Strategie di mitigazione: HR e cybersecurity alleate

Per contrastare la minaccia rappresentata dai deepfake, Unit 42 propone un approccio integrato che coinvolge sia le risorse umane sia i team di cybersecurity. Dal lato delle risorse umane, è fondamentale implementare verifiche documentali multilivello mediante strumenti forensi automatizzati capaci di individuare manipolazioni nei documenti di identità e nelle immagini fornite dai candidati. I recruiter dovrebbero essere formati per riconoscere segnali sospetti, come movimenti oculari innaturali o micro-scatti nel feed video.

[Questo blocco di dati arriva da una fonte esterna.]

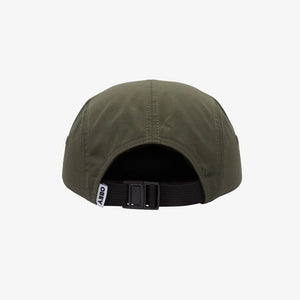 OBEY | Bold Nylon Camp Cap | Olive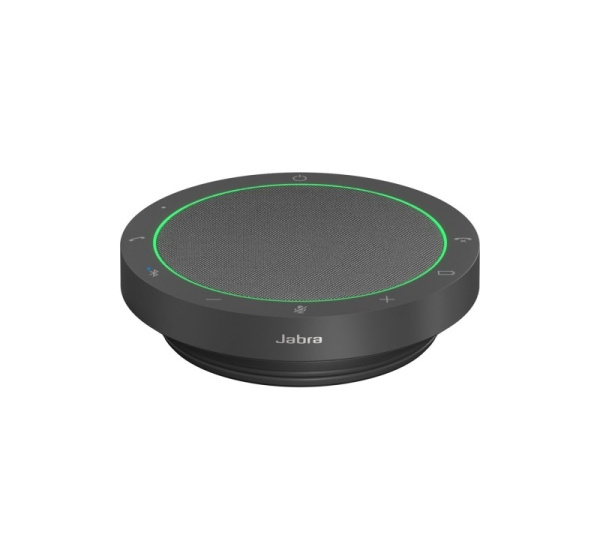 Jabra Speak2 55 UC, Dark Grey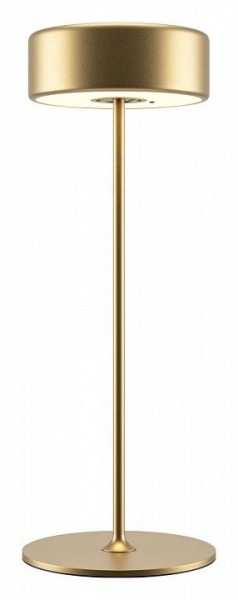 Настольная лампа декоративная Maytoni AI Collaboration MOD229TL-L3G3K2 в Игриме - igrim.mebel24.online | фото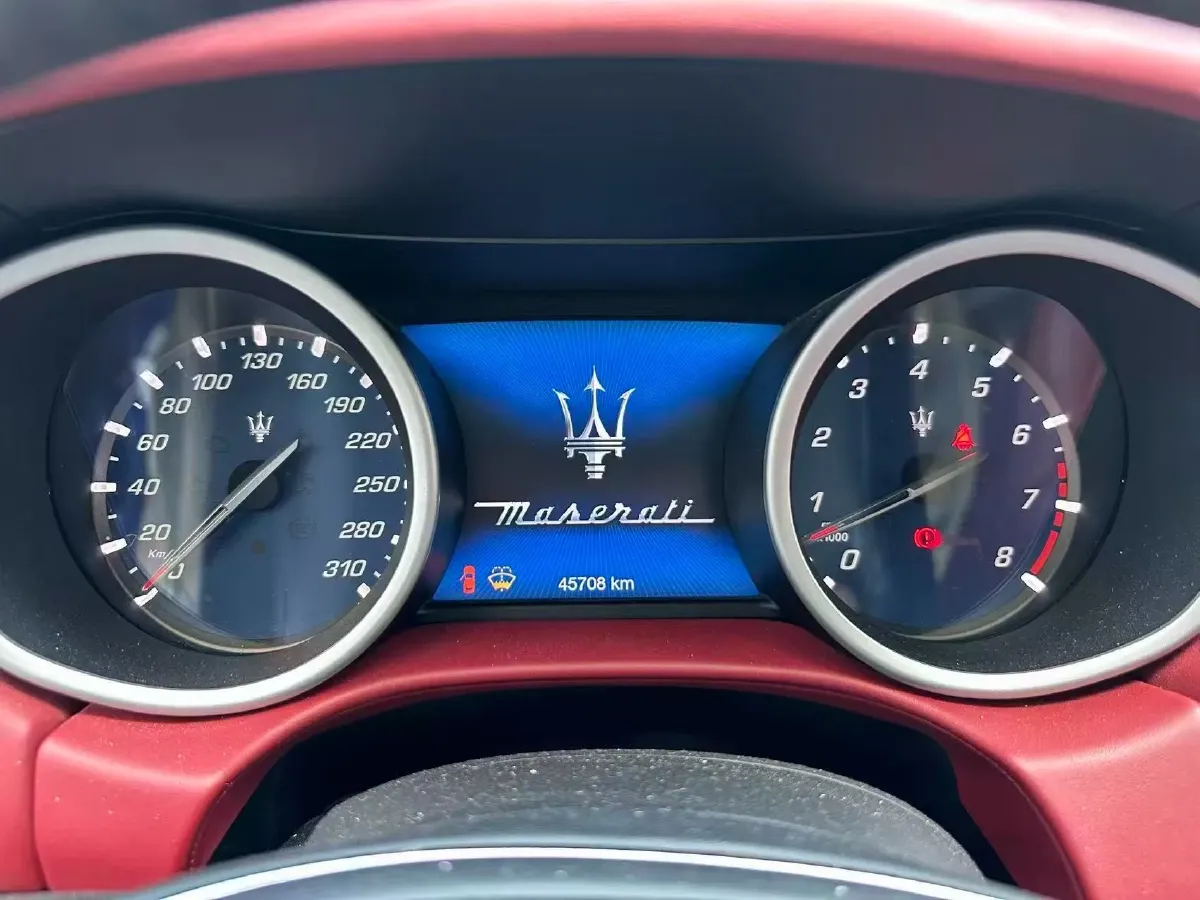 2019 Maserati Ghibli 3.0T 350HP V6 8AT,autocango,china used car exporter,china ev exporter,chinese used car exporter,chinese used ev exporter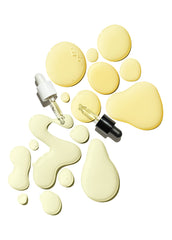 Fur Ingrown Hair Care Duo close-up shows smooth skin after use.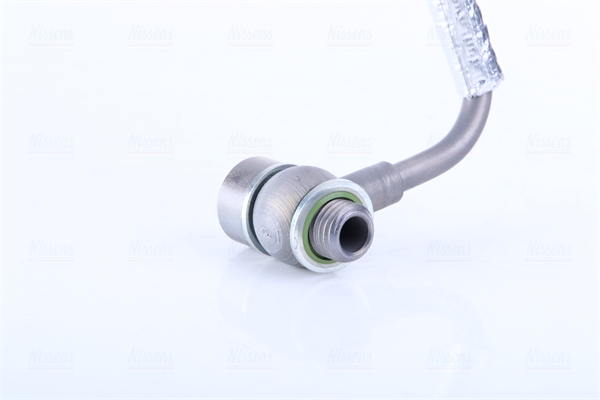 Conduite d'huile, Turbocompresseur (Conduit d'huile, turbo) NISSENS ref. 935238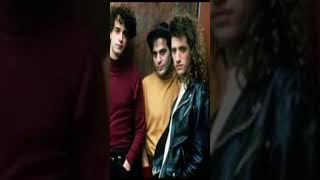 quotEl Inicio de Soda Stereo músicaemocional musica musicarock [upl. by Scherle]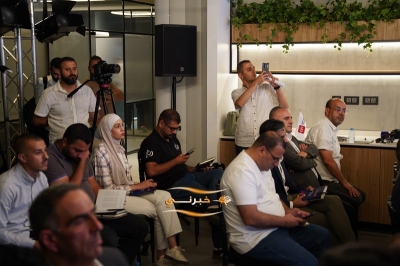 سحب قرعة بطولتي درع الاتحاد والدوري الأردني للمحترفين CFI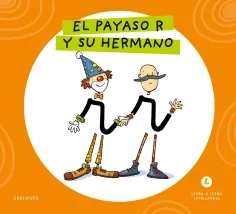 Cubierta Los piratas R y RR 2026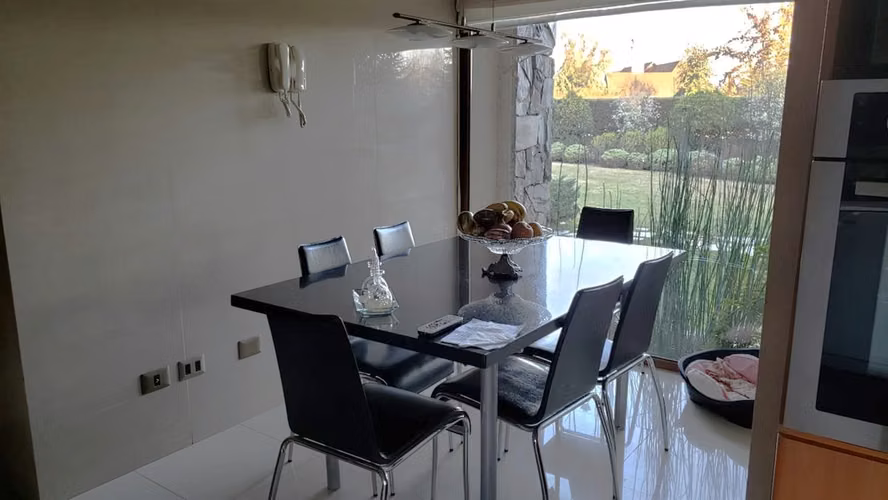 CASA Las Mercedes, Requínoa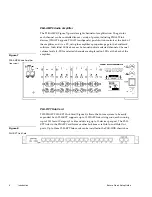 Preview for 10 page of AMX Encore Instruction Manual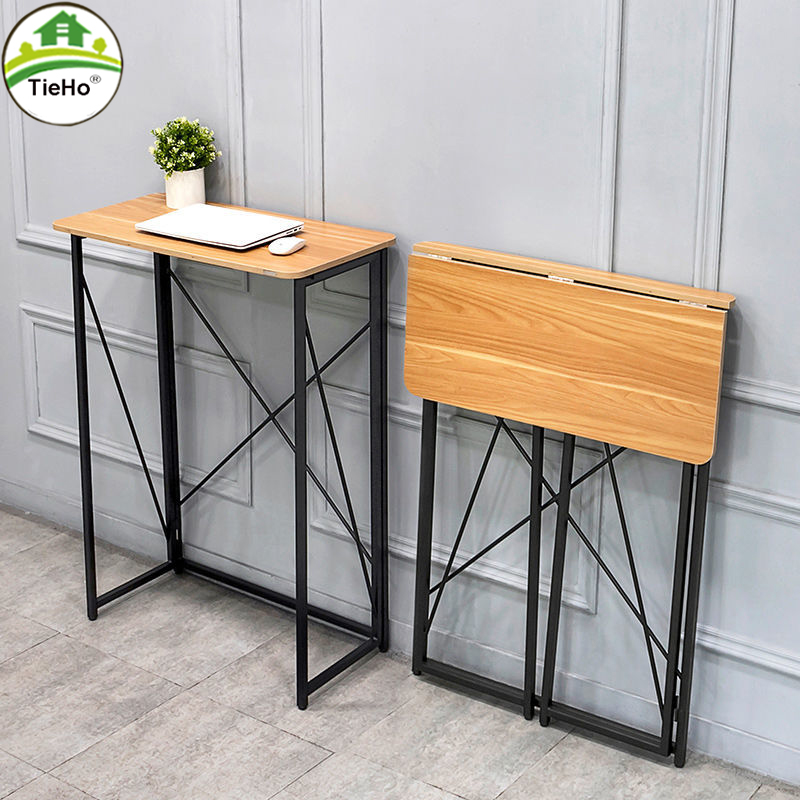 طاولة قابلة للطي بسيطة قابلة ل - مراجعة Home Office Work Table وسعره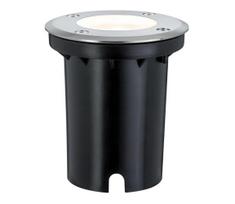 Paulmann 93992 - LED GU10/3,5W IP67 Įleidžiamas lauko šviestuvas SPECIALUS 230V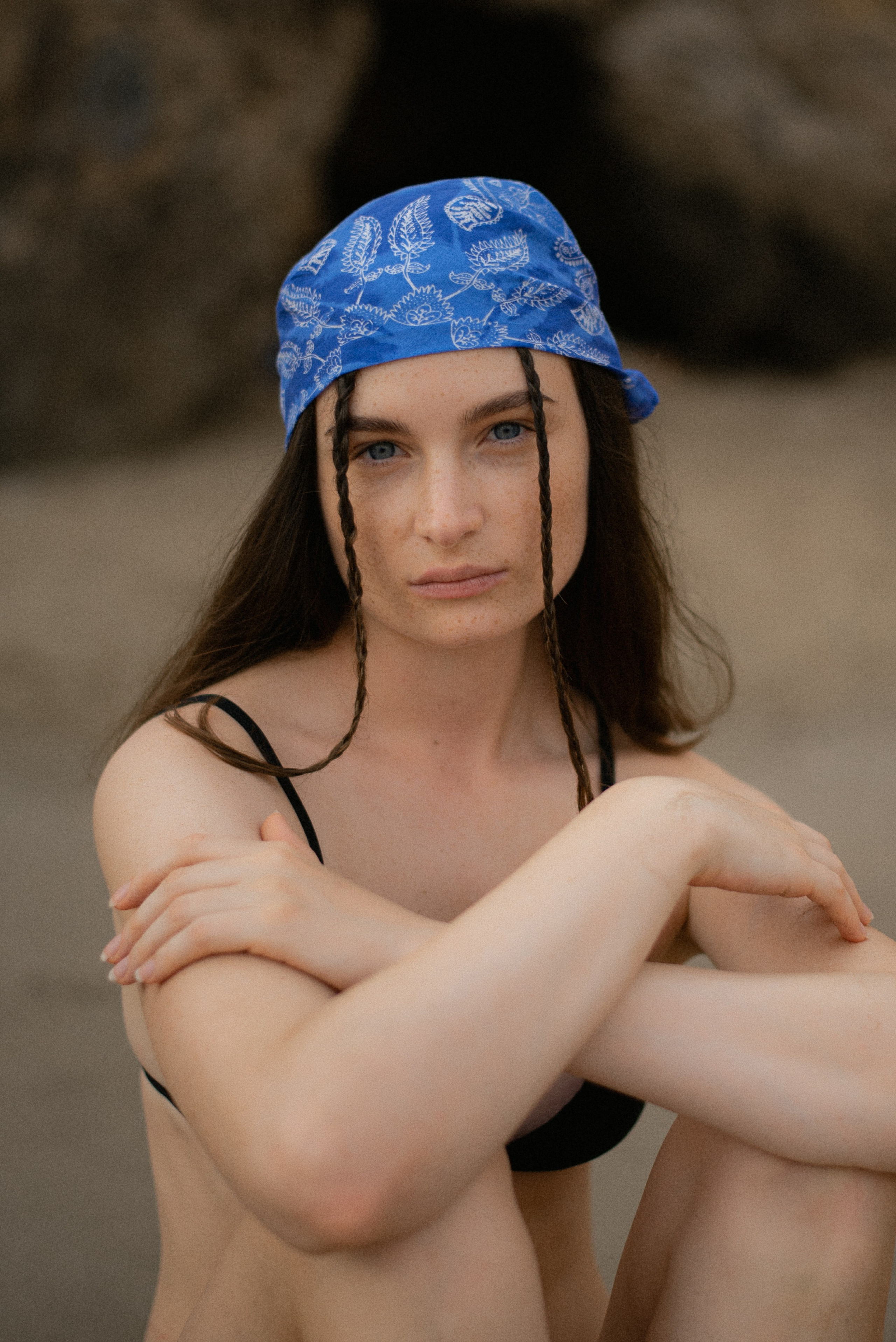 Fotógrafa en Barcelona Margarita Reshetnikova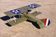 Thomas Morse Scout S4C Plans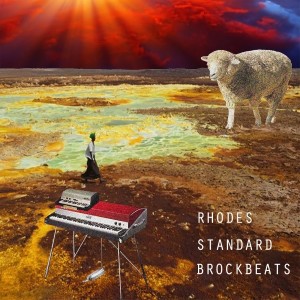 ดาวน์โหลดและฟังเพลง Milk พร้อมเนื้อเพลงจาก BROCKBEATS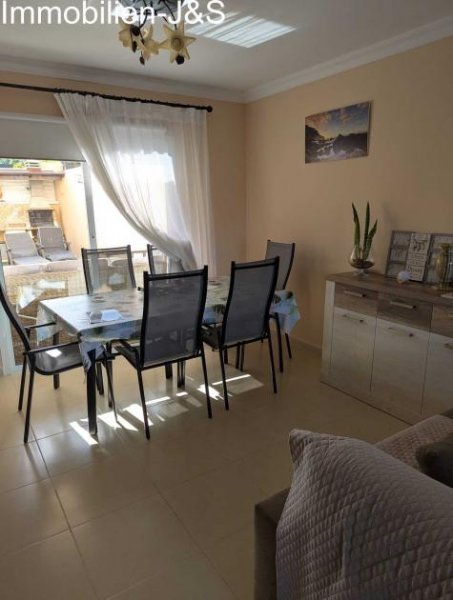 Buenavista del Norte Adosado moderno con piscina en Green Golf, Buenavista del Norte Haus kaufen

È inoltre consigliato introdurre prove di movimento durante i colloqui, chiedendo per esempio ai candidati di compiere gesti casuali con le mani vicino al volto o di cambiare rapidamente l’angolo di osservazione.

Dal punto di vista della security è importante invece adottare controlli geolocalizzati sugli indirizzi IP utilizzati nella fase di candidatura, bloccando l’accesso da reti TOR o VPN sospette e verificando la provenienza dei numeri telefonici per identificare eventuali numeri VoIP. Una volta assunti, i nuovi dipendenti dovrebbero essere sottoposti a un monitoraggio attento dei pattern di accesso alla rete aziendale e delle attività di trasferimento dati, per individuare tempestivamente comportamenti anomali che possano suggerire la presenza di un insider malevolo.

Implicazioni per le policy aziendali

Il report di Palo Alto Networks sottolinea la necessità di sviluppare policy aziendali specifiche per la gestione delle identità sintetiche. Tra le raccomandazioni principali vi è la conservazione delle evidenze in caso di sospetto deepfake, la limitazione degli accessi ai sistemi critici per i nuovi assunti fino al completamento di verifiche aggiuntive, e la condivisione degli indicatori tecnici di compromissione con i partner di settore e le autorità competenti. Solo attraverso un approccio strutturato e multilivello è possibile mitigare efficacemente i rischi associati a questa nuova frontiera della minaccia cyber.